▶ Provided records
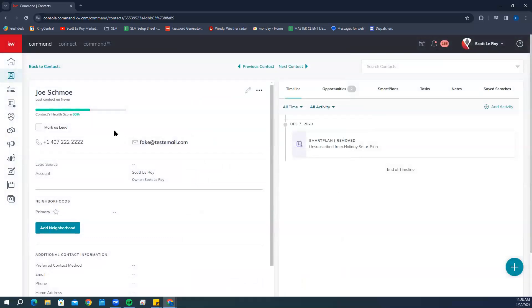Keep in mind, any information you update—say if you have a smart plan campaign set up—you always want to make sure that you remove them from that first, and you can always add them back after.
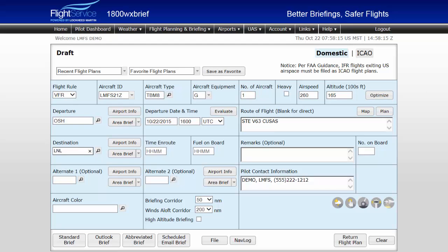Next, enter the destination, time en route, and fuel on board. Remarks are optional but often include requests of air traffic control, locations of en route stops, or other helpful information.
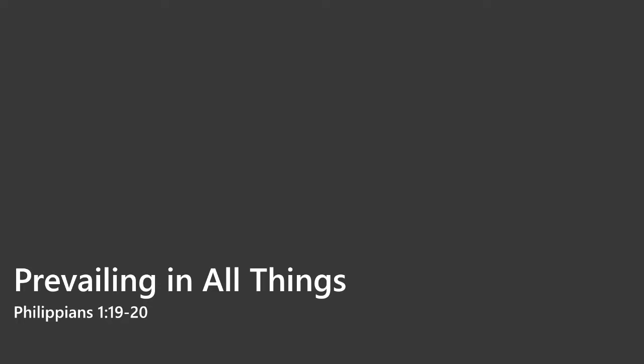The title of this morning's sermon is Prevailing in All Things. I don't usually like to share life stories because many preachers give autobiographies that exalt the preacher. But I think it's helpful from time to time to mention a life story that illustrates a biblical truth, one that beautifully illustrates what Paul is discussing here.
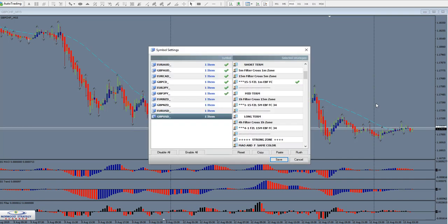This is the pop-up box where you can select the strategies that you want to trade with. For example, if you're wanting to trade short-term, then you would check the short-term 15-minute option. If you want to trade with the one-hour, then you would check that as the option.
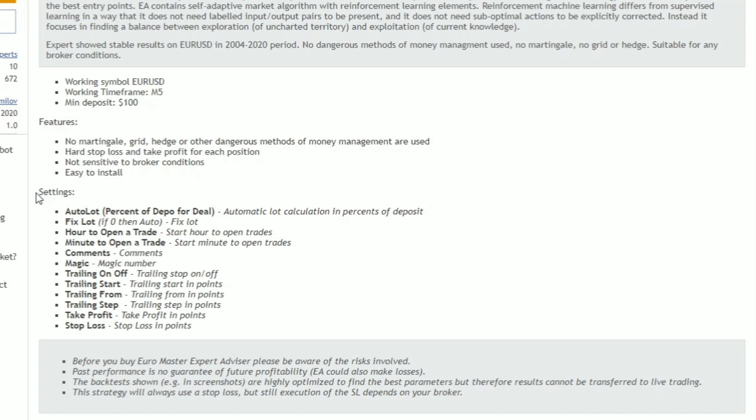Parameters include: AIA auto lot — percent of depot for deal; big slot if zero then auto; hour to open a trade; minute to open a trade; comments; magic; trailing on/off; trailing start; trailing from; step; take profit; stop loss.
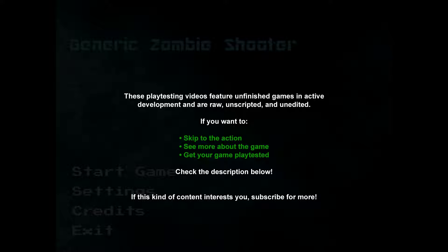Hey everyone, this is Fi. I'm checking out Generic Zombie Shooter Redux, part of the AGDG Demo Day 21.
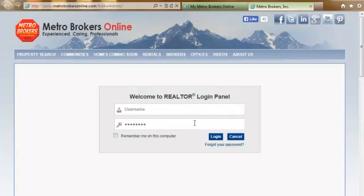You're going to want to know your username and password in order to log in. Your username is always your first name dot your last name at ColoradoHomeStop.com. This is not an actual email address — it is just your username. So you're going to type in your first name, whatever that is, dot your last name at ColoradoHomeStop.com.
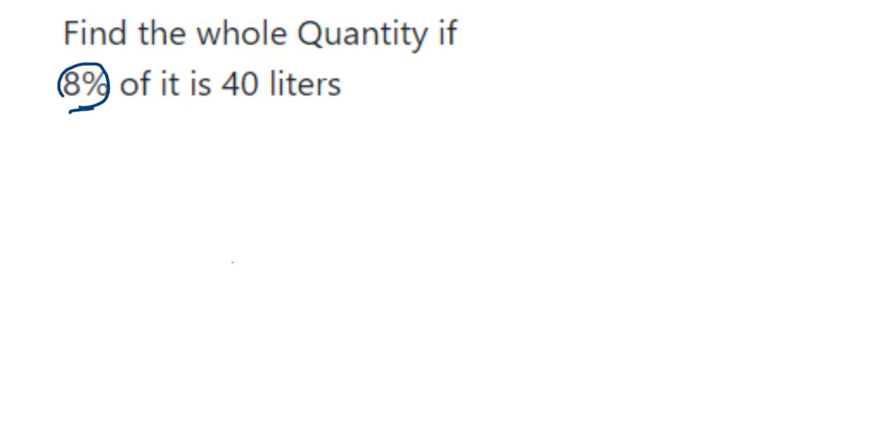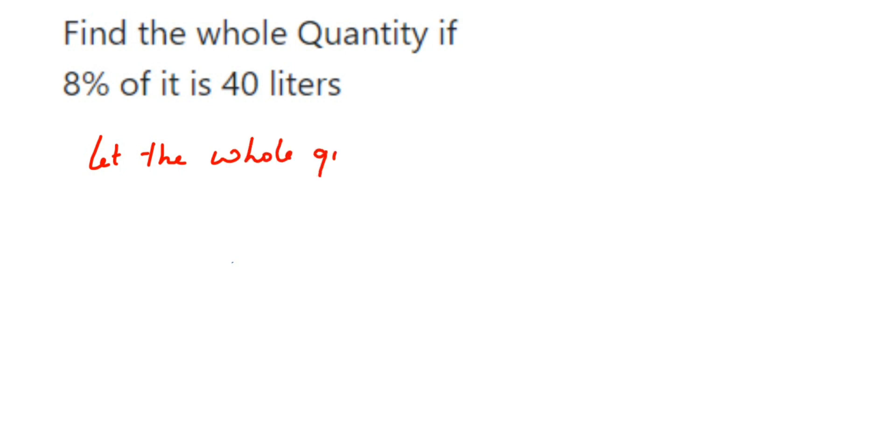So how to find out that whole quantity? We're going to assume it as x. So let the whole quantity be x. The whole quantity will be in liters, so whole quantity be x.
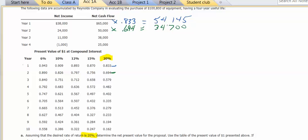For year number three, we'll use 0.579. $38,000 times 0.579.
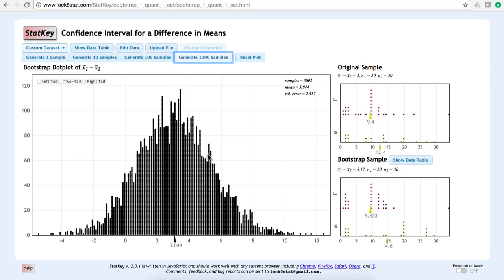Next, you'll learn how you can use this bootstrap sampling distribution to construct a confidence interval.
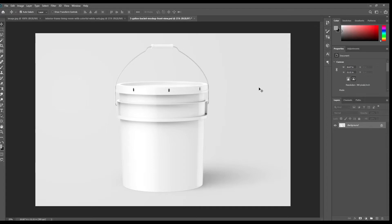Hello and welcome to our channel Mockup Earth. Today we have a paint bucket mockup. If you want this mockup, link can be found in the description. So let's get started.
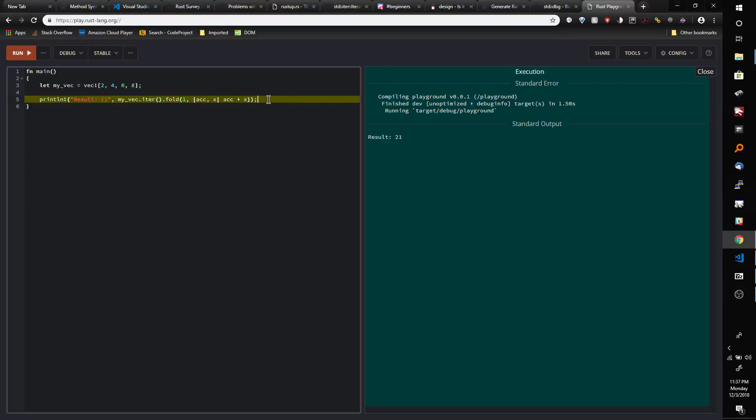I'm going to talk about this iterator method called Fold because a lot of people are probably familiar with Map and Filter because they're in other languages like JavaScript, but I wasn't familiar with this method called Fold and it was hard to understand at first. I think it's in other functional languages but I've never really learned a purely functional language before so it was just a strange concept to me so I figured I'd explain it.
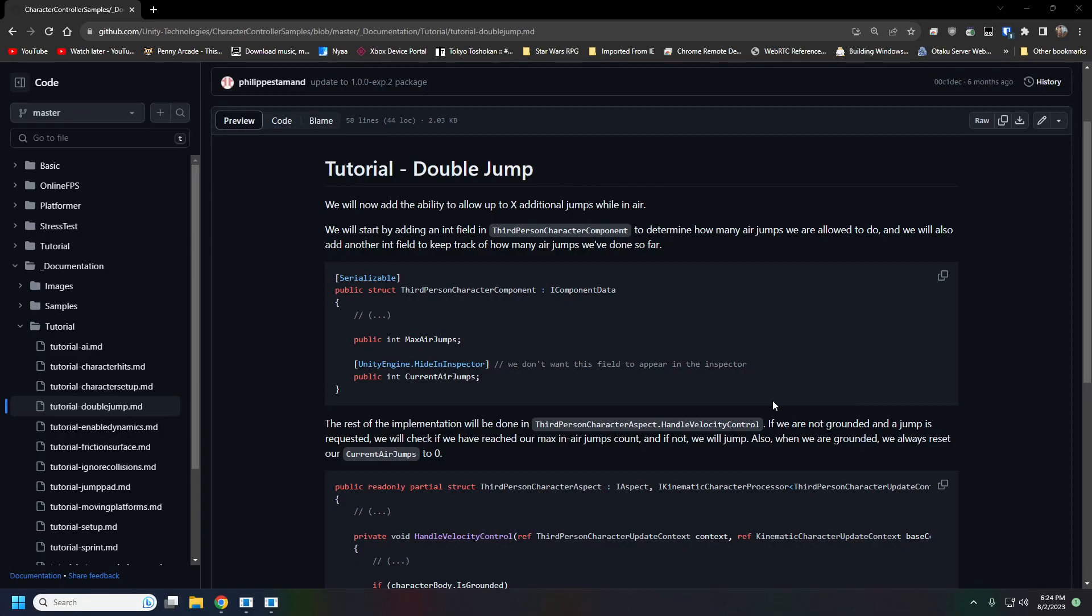All right, welcome back guys. Next up we are on to double jumping. This is going to require modifying our third person character component and our third person character aspect.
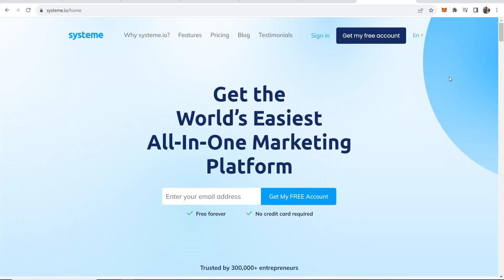In this video I'm going to show you how you can add your Instagram feed to system.io. This is easy and free, so let me show you what you need to do. First, go ahead and sign into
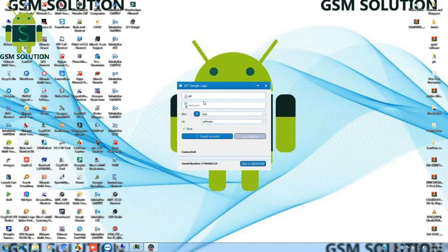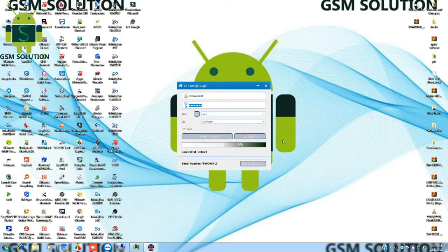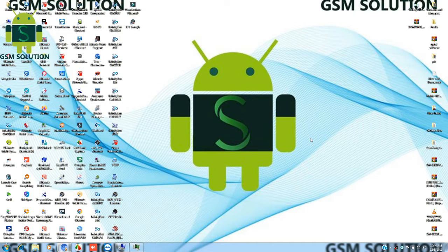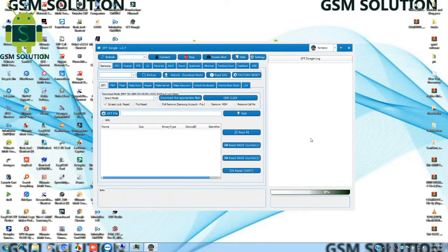After the complete process, open the tool and click the login tab. Now the EFT Dongle is open and ready for use.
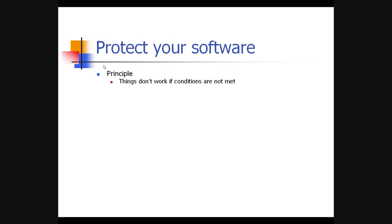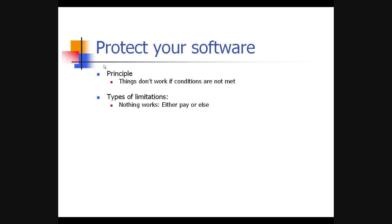The principle of a protection schema is simple: things don't work if certain conditions are not met. You have to define what conditions, and what parts of the software won't work — fully, partially, or differently. The most binary approach is: nothing works unless you pay. This loses you the ability to have a trial version, which can be a very useful sales tool — so it's probably not the best way to go, but it's an option.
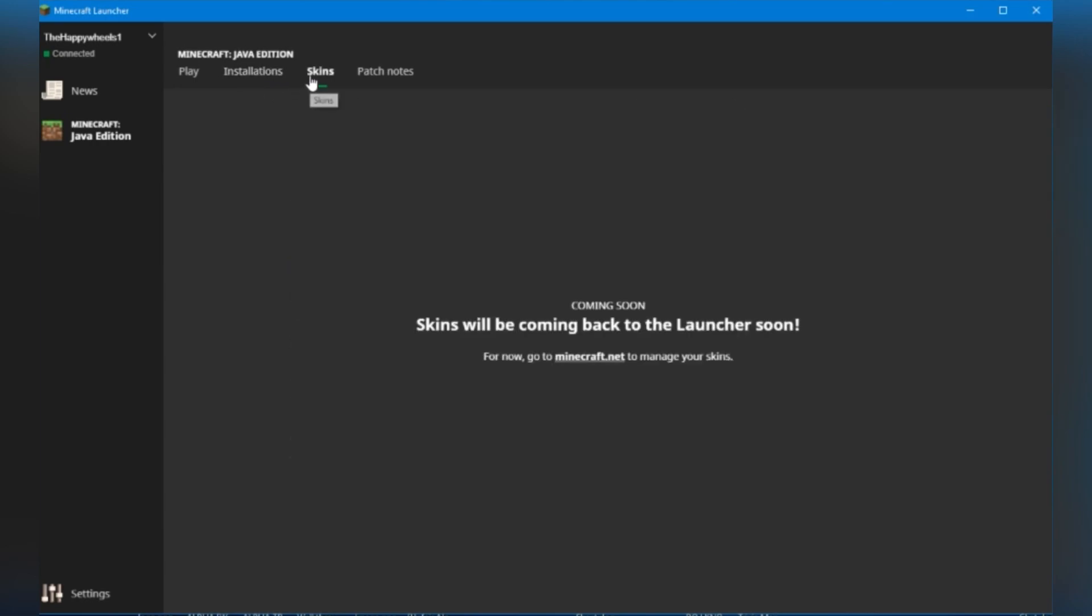Popping over to skins, this hasn't been added yet because it's in beta, but I'm sure this will come very, very soon. For now though, you can either downgrade or go to minecraft.net to manage your skins.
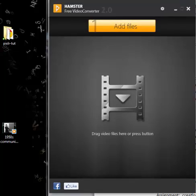Okay, this is a quick tutorial on how to use Hamster Free Video Converter. You can download this free on the internet.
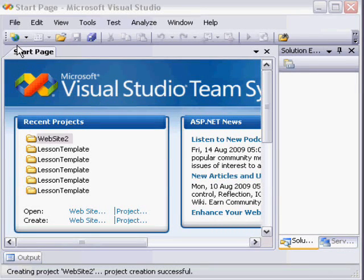After launching Visual Studio 2008, it's pretty simple to create a standalone website that will run locally on your computer.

▶ What you will do
All the data above is to be transcribed exactly, with no pictures included.

▶ Task response
Keep in mind, any information you update—say if you have a smart plan campaign set up—you always want to make sure that you remove them from that first, and you can always add them back after.
Next, enter the destination, time en route, and fuel on board. Remarks are optional but often include requests of air traffic control, locations of en route stops, or other helpful information.
The title of this morning's sermon is Prevailing in All Things. I don't usually like to share life stories because many preachers give autobiographies that exalt the preacher. But I think it's helpful from time to time to mention a life story that illustrates a biblical truth, one that beautifully illustrates what Paul is discussing here.
This is the pop-up box where you can select the strategies that you want to trade with. For example, if you're wanting to trade short-term, then you would check the short-term 15-minute option. If you want to trade with the one-hour, then you would check that as the option.
Parameters include: AIA auto lot — percent of depot for deal; big slot if zero then auto; hour to open a trade; minute to open a trade; comments; magic; trailing on/off; trailing start; trailing from; step; take profit; stop loss.
Hey everyone, this is Fi. I'm checking out Generic Zombie Shooter Redux, part of the AGDG Demo Day 21.
You're going to want to know your username and password in order to log in. Your username is always your first name dot your last name at ColoradoHomeStop.com. This is not an actual email address — it is just your username. So you're going to type in your first name, whatever that is, dot your last name at ColoradoHomeStop.com.
So how to find out that whole quantity? We're going to assume it as x. So let the whole quantity be x. The whole quantity will be in liters, so whole quantity be x.
For year number three, we'll use 0.579. $38,000 times 0.579.
Next, you'll learn how you can use this bootstrap sampling distribution to construct a confidence interval.
Hello and welcome to our channel Mockup Earth. Today we have a paint bucket mockup. If you want this mockup, link can be found in the description. So let's get started.
I'm going to talk about this iterator method called Fold because a lot of people are probably familiar with Map and Filter because they're in other languages like JavaScript, but I wasn't familiar with this method called Fold and it was hard to understand at first. I think it's in other functional languages but I've never really learned a purely functional language before so it was just a strange concept to me so I figured I'd explain it.
All right, welcome back guys. Next up we are on to double jumping. This is going to require modifying our third person character component and our third person character aspect.
In this video I'm going to show you how you can add your Instagram feed to system.io. This is easy and free, so let me show you what you need to do. First, go ahead and sign into
After the complete process, open the tool and click the login tab. Now the EFT Dongle is open and ready for use.
The principle of a protection schema is simple: things don't work if certain conditions are not met. You have to define what conditions, and what parts of the software won't work — fully, partially, or differently. The most binary approach is: nothing works unless you pay. This loses you the ability to have a trial version, which can be a very useful sales tool — so it's probably not the best way to go, but it's an option.
Popping over to skins, this hasn't been added yet because it's in beta, but I'm sure this will come very, very soon. For now though, you can either downgrade or go to minecraft.net to manage your skins.
Okay, this is a quick tutorial on how to use Hamster Free Video Converter. You can download this free on the internet.
After launching Visual Studio 2008, it's pretty simple to create a standalone website that will run locally on your computer.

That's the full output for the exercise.